In the years that followed, he researched virtually every form of religion and philosophy he heard of. He looked into science, mathematics and any form of learning written in libraries. And he meditated and searched for what seemed like the ever-elusive thing he calls "truth."

Finally, reaching the age of 32, [actually 30] he began to wonder if he should give up the spiritual chase. And then, while in a hotel in Seattle, Wash., he suddenly experienced what he describes as "Feeling myself go out of my body and being able to look back and see it lying there ... feeling myself floating out the window and rising over the mountains from where I could look down and see the masses climbing, pushing and clawing at each other. And I was among the masses doing the same."

His experience convinced him that he had reached what he calls "the absolute."

And he wrote "Three Books of the Absolute," "The Albigen Papers," and "Psychology of the Observer." He advertised the books, and he began to hold seminars.

Eventually, people started to show up at his farm near Wheeling, W.Va., wanting to meet him. He was asked to speak at the Pittsburgh Theosophical Society and at Kent State university in Ohio, among other places.

While speaking at California State College in Northridge. Calif., Rose impressed a graduate psychology student named John Kent who eventually became so impressed that he moved to the Tri-State area to be near Rose.

Now living in Beechview and working as a mental health counselor at Bellaire City Hospital, Bellaire, Ohio, Kent is part of a group of "students" who conduct TAT Foundation seminars monthly - open to the public - at Pittsburgh National Bank's meeting rooms at Fifth and Craig, Oakland. Advanced seminars are held at a private home and are open only to serious students, Kent said.

He believes TAT has not only helped him find himself but also helps him deal with patients at the hospital.

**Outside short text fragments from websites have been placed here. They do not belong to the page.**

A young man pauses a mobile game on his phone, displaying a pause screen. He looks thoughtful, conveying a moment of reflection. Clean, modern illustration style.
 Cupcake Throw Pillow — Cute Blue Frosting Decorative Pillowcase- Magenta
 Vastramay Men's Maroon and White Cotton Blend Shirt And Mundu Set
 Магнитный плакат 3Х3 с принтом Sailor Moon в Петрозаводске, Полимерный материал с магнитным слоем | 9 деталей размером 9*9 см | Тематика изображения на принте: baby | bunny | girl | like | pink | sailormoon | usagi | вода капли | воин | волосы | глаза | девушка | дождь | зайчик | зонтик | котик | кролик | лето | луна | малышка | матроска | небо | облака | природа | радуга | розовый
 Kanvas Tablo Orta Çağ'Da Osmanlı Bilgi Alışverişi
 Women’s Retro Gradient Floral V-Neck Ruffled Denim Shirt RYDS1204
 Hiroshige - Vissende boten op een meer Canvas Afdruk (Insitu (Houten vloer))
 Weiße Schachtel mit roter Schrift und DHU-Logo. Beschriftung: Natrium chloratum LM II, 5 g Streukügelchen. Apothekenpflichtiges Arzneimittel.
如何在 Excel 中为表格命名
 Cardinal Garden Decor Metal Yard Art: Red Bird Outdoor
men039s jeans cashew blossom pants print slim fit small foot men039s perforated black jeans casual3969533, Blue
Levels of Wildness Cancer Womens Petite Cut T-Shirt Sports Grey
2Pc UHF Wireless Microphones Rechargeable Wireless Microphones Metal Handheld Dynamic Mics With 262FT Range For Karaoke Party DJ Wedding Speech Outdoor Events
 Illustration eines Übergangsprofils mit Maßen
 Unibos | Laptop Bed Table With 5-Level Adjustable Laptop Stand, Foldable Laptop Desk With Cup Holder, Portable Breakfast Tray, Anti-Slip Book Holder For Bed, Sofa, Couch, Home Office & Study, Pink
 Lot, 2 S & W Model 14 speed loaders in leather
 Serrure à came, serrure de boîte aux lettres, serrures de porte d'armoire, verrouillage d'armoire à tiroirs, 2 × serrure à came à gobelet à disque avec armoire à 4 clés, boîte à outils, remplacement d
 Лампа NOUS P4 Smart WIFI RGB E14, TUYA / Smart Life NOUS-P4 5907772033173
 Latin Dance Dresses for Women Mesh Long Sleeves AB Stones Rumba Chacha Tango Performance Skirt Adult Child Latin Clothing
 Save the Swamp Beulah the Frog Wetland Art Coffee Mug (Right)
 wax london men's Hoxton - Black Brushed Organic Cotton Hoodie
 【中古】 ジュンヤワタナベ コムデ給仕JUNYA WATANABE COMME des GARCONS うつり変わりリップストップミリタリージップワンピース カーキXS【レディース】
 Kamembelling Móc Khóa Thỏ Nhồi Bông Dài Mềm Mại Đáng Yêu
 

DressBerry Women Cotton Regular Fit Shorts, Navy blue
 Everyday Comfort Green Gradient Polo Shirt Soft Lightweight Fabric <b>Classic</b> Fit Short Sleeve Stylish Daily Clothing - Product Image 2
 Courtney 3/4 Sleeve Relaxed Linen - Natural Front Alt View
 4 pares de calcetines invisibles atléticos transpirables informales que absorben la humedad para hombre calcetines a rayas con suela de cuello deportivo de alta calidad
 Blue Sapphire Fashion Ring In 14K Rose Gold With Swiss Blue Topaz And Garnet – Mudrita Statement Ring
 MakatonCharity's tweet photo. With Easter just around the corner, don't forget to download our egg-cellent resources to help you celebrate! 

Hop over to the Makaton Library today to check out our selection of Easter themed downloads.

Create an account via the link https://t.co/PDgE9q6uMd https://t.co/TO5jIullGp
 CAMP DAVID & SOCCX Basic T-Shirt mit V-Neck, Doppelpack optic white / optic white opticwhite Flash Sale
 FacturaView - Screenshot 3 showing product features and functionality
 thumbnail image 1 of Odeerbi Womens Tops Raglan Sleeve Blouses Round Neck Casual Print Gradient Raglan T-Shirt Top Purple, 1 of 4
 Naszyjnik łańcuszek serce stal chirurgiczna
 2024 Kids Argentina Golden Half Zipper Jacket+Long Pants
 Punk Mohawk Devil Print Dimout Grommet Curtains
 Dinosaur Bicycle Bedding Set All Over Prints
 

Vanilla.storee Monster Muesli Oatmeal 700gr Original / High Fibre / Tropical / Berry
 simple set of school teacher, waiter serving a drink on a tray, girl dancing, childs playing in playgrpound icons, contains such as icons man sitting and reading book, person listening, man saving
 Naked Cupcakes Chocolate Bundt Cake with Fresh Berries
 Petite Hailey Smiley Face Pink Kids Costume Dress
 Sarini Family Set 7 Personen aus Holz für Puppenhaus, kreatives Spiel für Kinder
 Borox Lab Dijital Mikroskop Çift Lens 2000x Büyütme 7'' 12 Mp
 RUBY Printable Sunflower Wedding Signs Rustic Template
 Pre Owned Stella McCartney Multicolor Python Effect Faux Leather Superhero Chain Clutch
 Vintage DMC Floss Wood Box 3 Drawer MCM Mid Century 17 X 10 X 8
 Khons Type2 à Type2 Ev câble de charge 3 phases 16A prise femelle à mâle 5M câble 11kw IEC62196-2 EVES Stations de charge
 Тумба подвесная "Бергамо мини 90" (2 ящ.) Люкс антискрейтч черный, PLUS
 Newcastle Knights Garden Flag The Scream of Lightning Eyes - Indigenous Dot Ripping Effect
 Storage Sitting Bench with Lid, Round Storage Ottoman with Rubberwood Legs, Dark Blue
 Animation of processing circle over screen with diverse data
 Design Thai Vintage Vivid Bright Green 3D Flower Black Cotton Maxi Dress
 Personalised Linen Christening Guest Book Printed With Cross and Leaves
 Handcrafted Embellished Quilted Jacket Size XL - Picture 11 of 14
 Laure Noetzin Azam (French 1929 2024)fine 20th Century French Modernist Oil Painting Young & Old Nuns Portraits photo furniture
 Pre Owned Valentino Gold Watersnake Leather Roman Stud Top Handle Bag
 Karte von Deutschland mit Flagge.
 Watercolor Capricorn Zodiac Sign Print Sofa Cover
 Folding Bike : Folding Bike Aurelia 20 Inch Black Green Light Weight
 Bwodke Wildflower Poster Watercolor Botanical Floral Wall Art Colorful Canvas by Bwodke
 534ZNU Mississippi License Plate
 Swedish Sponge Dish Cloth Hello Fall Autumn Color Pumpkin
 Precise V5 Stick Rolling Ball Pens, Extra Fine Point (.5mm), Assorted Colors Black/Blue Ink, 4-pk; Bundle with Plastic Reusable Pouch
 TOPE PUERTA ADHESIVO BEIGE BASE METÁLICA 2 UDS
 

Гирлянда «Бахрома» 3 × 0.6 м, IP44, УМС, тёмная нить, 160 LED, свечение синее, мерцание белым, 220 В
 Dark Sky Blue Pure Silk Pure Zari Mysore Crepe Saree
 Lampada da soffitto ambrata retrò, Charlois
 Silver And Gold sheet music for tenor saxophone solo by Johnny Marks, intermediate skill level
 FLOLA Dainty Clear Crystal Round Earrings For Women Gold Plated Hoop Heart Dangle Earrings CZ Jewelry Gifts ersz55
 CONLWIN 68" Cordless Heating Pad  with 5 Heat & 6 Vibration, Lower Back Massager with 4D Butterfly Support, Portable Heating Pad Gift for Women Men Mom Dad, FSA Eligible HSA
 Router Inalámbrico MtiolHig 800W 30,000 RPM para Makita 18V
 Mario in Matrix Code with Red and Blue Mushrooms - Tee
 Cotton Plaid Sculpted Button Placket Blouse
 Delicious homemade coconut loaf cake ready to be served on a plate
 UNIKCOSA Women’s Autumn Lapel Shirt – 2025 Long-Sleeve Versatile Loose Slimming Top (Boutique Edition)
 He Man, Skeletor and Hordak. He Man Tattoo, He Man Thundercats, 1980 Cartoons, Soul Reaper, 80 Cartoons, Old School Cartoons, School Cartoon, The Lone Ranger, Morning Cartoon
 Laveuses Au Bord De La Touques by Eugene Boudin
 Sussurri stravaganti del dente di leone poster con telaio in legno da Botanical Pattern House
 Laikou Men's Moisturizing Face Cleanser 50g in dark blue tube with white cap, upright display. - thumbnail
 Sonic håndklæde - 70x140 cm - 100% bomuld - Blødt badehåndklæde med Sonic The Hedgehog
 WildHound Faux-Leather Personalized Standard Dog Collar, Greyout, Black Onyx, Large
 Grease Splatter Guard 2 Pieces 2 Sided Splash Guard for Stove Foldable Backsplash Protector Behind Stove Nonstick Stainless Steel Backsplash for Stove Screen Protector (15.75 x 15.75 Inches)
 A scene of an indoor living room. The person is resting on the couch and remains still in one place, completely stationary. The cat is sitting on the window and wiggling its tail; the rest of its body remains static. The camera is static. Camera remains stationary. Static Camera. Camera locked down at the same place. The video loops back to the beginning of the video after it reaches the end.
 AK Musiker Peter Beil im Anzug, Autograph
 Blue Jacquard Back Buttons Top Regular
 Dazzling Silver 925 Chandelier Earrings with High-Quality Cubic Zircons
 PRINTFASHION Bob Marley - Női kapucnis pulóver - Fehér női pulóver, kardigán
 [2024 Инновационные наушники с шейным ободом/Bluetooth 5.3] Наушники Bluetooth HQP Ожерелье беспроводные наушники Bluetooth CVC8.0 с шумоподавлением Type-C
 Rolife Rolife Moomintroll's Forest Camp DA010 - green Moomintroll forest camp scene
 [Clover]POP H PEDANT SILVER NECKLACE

"It's not a religion," Kent said. But it deals with religion as well as all other forms of knowledge. I was born a Jew, but my faith didn't give me the answers. A lot of Christians have told me the same. Most of our TAT group is former Jews and Catholics who didn't get answers to truth in their religions.

"There's an attitude around among lots of young people that there's nothing to live for. Rose taught about a moral life and pointed out the error of the degenerate way of thinking such as finding escape in drugs, booze and the like. TAT is a philosophy of finding peace and answers through self-realization.

"We don't use the word God, but there is a greater power than ourselves. We search to become part of it. To put it best, a wise man once said, 'We're rivers trickling around lost, longing to get back to the sea. When a river finally flows into the sea. it doesn't come out again, does it?'"

The TAT seminar, which will continue through tomorrow at Rose's farm in Benwood, will include such speakers as Robert Ayers, biochemistry professor at Holliston College in Massachusetts, Dr. Irving Goodman, a psychology professor at West Virginia University, and Rose.

Information about Pittsburgh meetings may be obtained by calling Kent at 343-1907 in the evenings.

"Mirrors of the Soul" will be discussed at a seminar open to the public at 7 30 p.m. Wednesday at the Pittsburgh National Bank building, Fifth and Craig, Oakland.